» Task instructions:
Leave the pictures out, and transcribe the material below exactly from the line with "thumbnail image 3" to the line with "Floor plan for apartment at ZED East", both lines included.

» Given data:
######

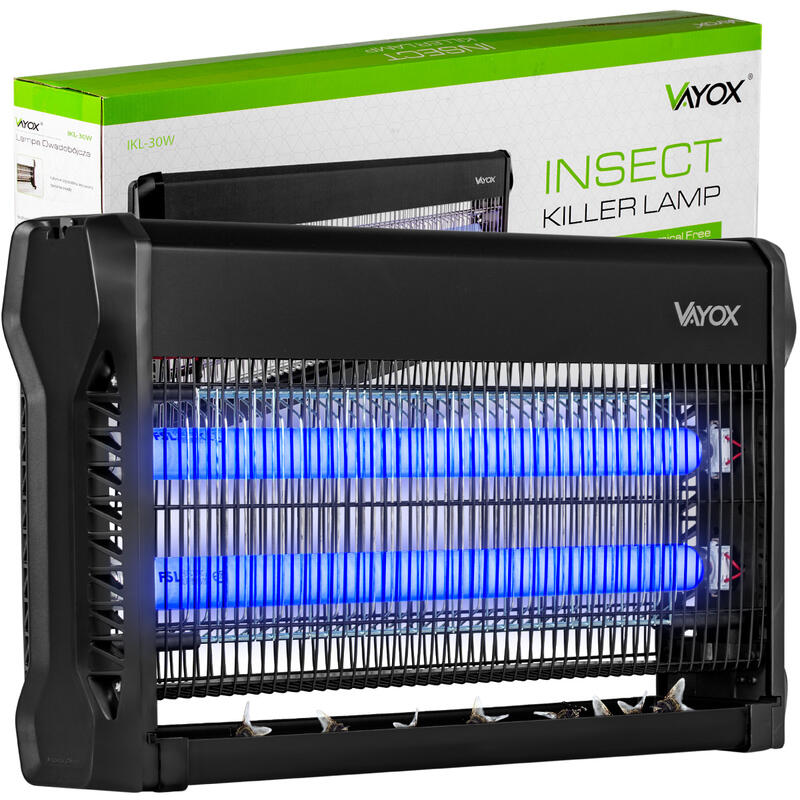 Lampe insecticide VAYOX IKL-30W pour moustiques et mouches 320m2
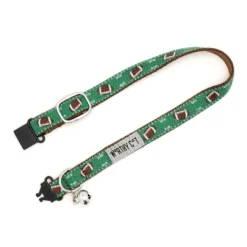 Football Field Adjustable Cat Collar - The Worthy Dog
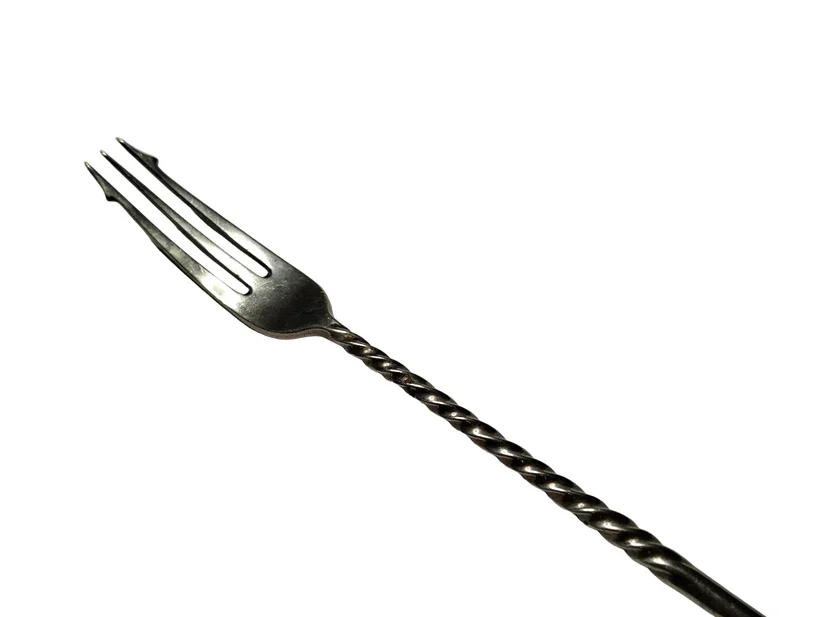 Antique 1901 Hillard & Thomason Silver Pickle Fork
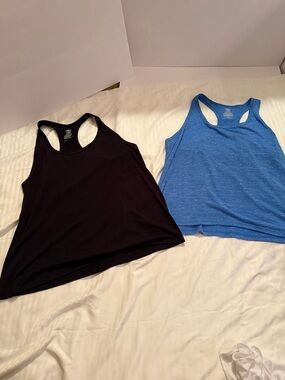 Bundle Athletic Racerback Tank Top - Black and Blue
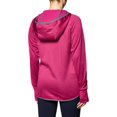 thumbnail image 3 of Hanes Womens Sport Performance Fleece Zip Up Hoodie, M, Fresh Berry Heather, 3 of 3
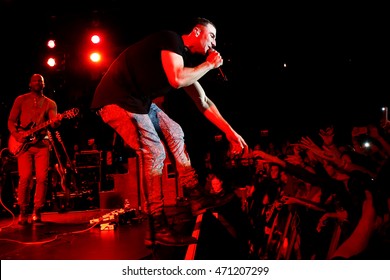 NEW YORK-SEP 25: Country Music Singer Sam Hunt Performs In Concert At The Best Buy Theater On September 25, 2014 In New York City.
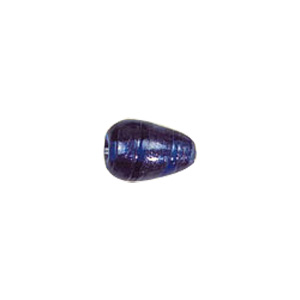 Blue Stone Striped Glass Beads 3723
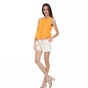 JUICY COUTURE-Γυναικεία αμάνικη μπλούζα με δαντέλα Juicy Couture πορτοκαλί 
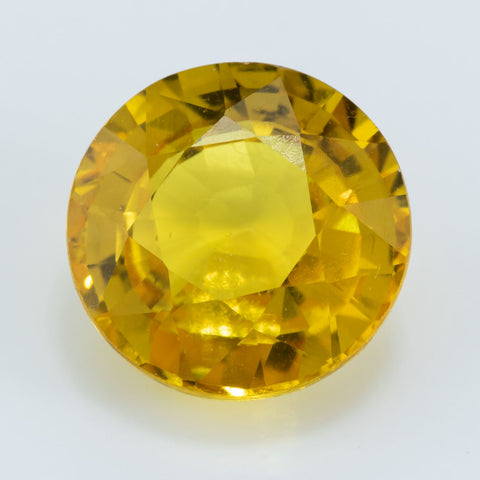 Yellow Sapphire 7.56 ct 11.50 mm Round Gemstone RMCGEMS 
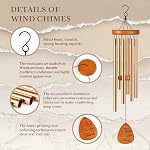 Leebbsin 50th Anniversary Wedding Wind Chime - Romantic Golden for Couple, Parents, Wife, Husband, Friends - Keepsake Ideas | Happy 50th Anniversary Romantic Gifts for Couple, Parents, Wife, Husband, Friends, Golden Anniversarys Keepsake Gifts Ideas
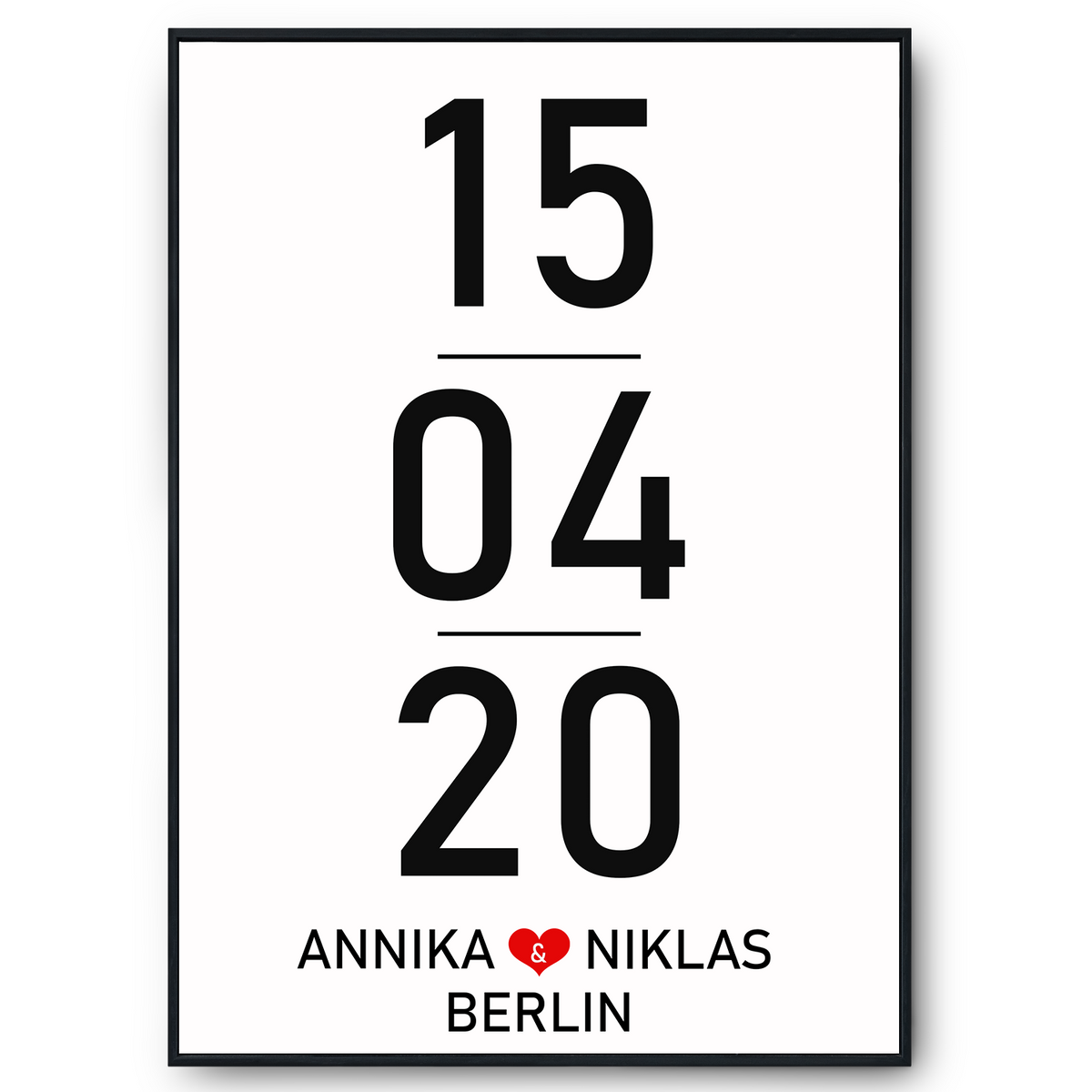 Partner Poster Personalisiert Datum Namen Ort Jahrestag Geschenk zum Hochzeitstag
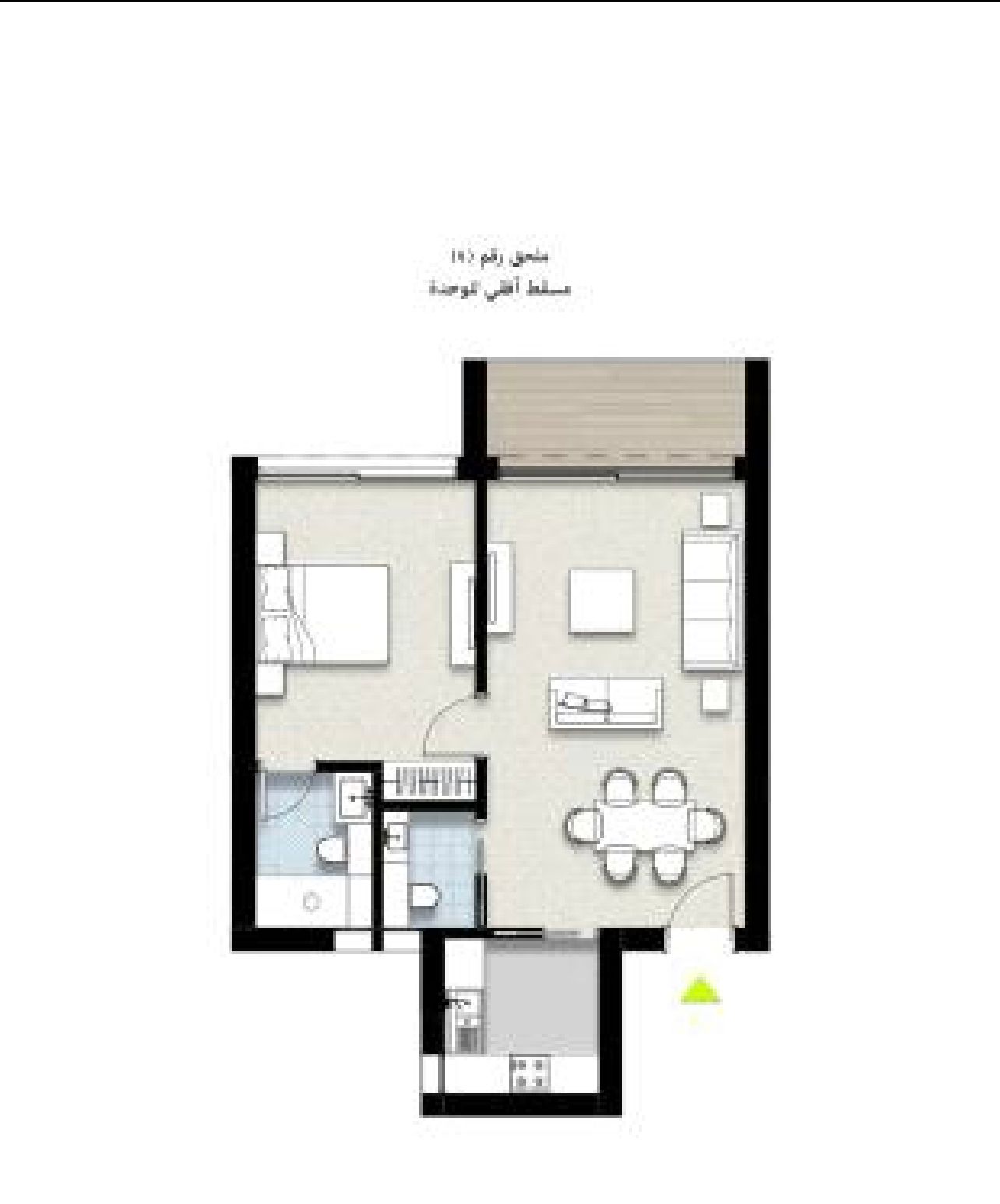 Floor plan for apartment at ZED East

######

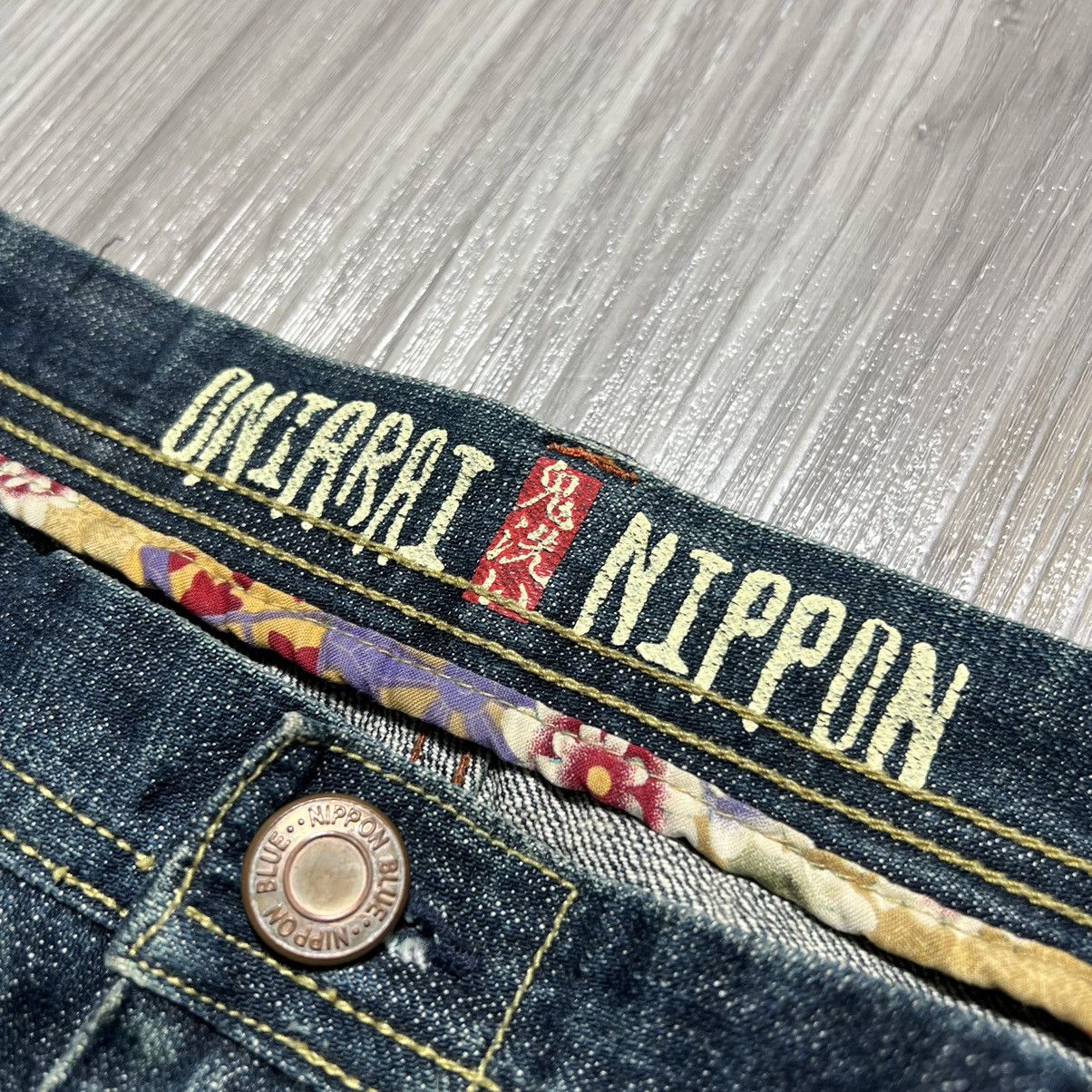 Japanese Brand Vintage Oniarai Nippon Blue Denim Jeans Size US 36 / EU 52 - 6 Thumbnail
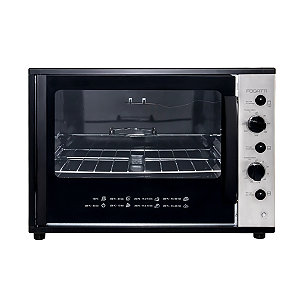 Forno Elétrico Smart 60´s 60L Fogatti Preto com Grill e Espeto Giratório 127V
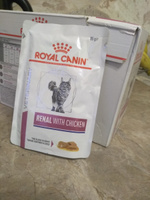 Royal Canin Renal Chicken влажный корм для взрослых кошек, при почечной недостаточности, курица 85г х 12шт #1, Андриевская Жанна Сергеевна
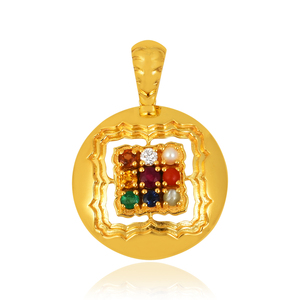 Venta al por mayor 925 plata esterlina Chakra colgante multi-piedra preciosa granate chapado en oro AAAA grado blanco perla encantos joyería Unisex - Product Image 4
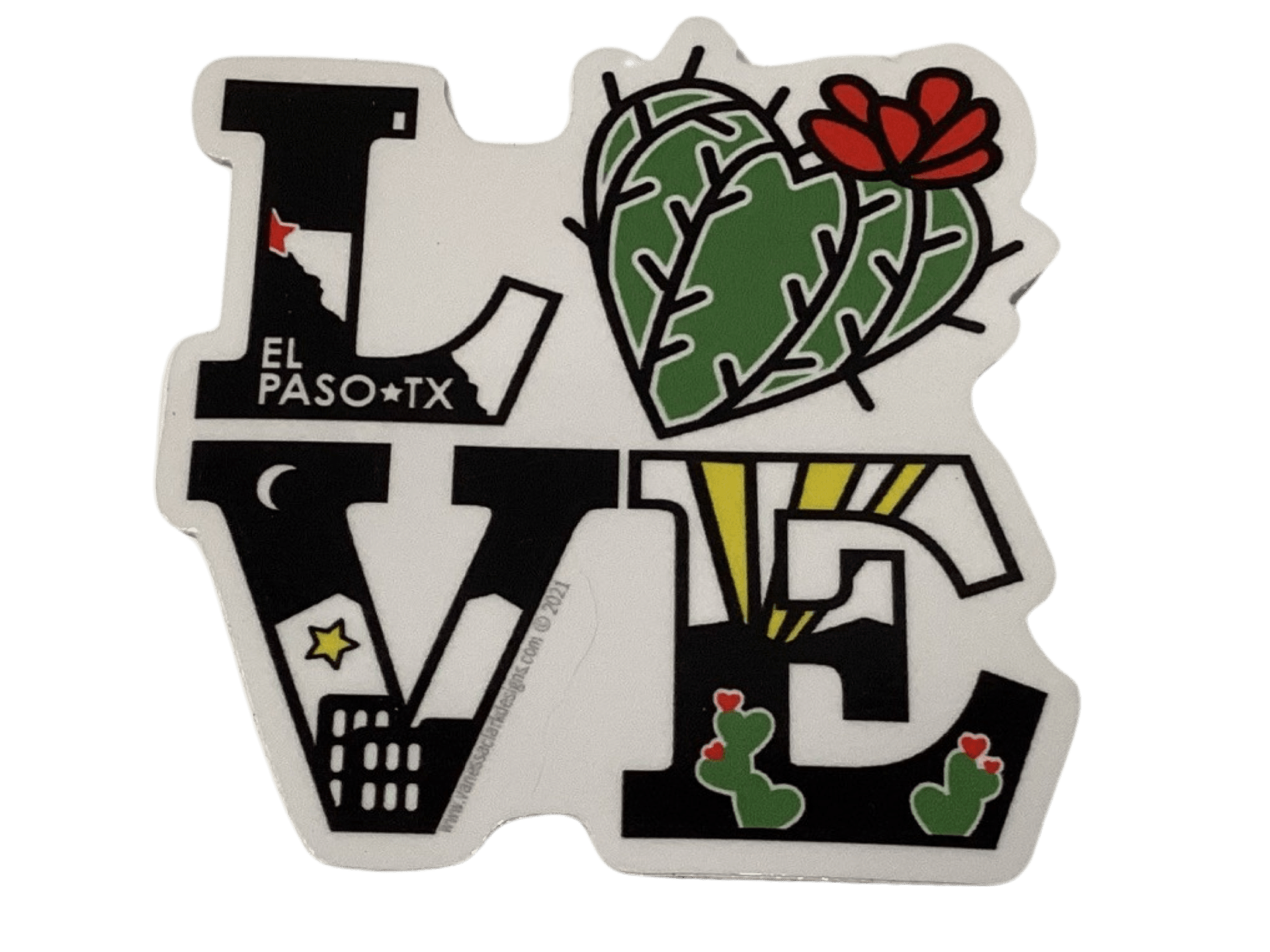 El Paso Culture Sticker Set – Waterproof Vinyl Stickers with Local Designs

######

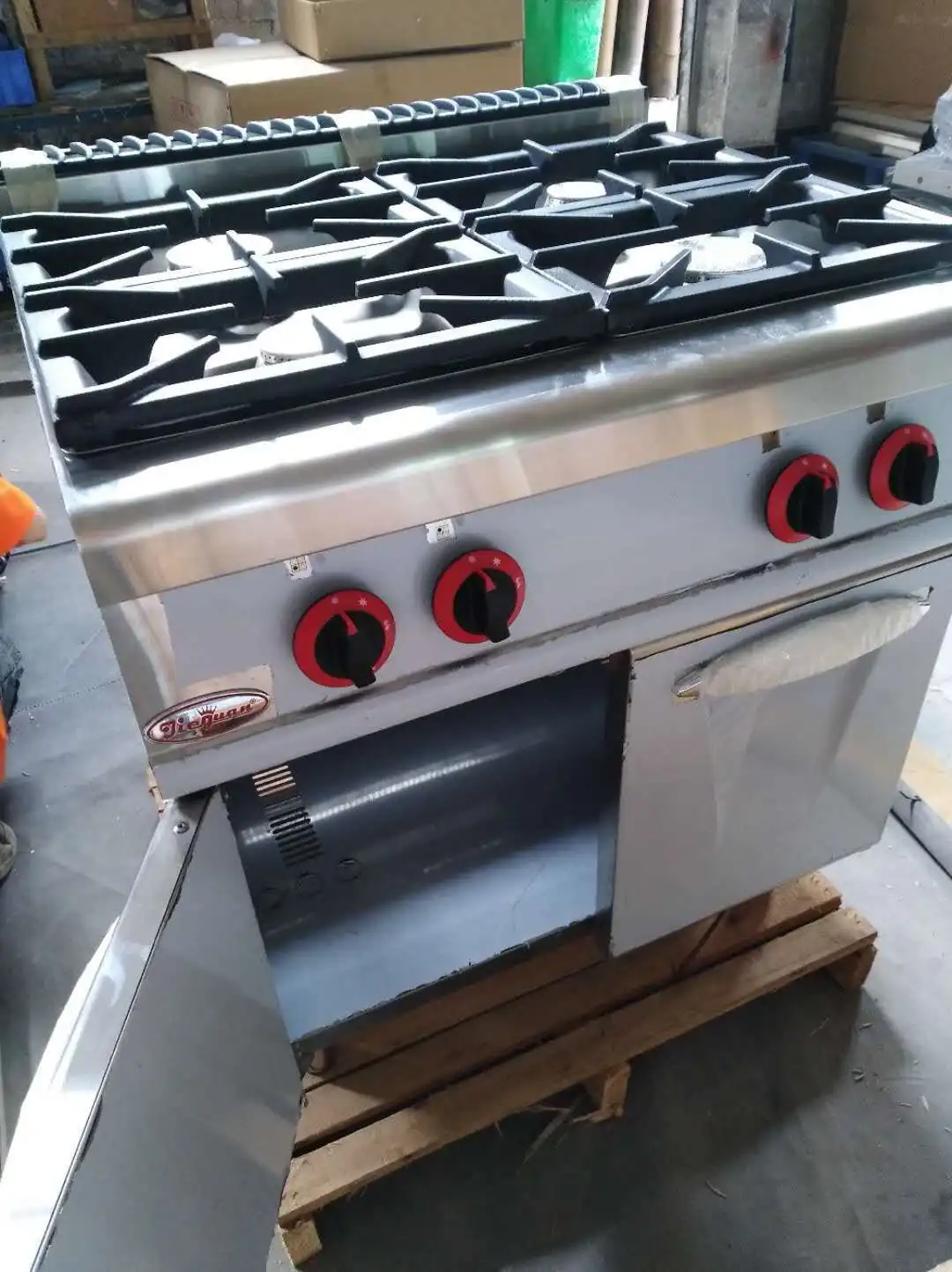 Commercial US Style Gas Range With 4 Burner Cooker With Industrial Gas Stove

######

» Completed task:
 thumbnail image 3 of Hanes Womens Sport Performance Fleece Zip Up Hoodie, M, Fresh Berry Heather, 3 of 3
 NEW YORK-SEP 25: Country Music Singer Sam Hunt Performs In Concert At The Best Buy Theater On September 25, 2014 In New York City.
 Blue Stone Striped Glass Beads 3723
 JUICY COUTURE-Γυναικεία αμάνικη μπλούζα με δαντέλα Juicy Couture πορτοκαλί 
 Yellow Sapphire 7.56 ct 11.50 mm Round Gemstone RMCGEMS 
 Leebbsin 50th Anniversary Wedding Wind Chime - Romantic Golden for Couple, Parents, Wife, Husband, Friends - Keepsake Ideas | Happy 50th Anniversary Romantic Gifts for Couple, Parents, Wife, Husband, Friends, Golden Anniversarys Keepsake Gifts Ideas
 Partner Poster Personalisiert Datum Namen Ort Jahrestag Geschenk zum Hochzeitstag
 Floor plan for apartment at ZED East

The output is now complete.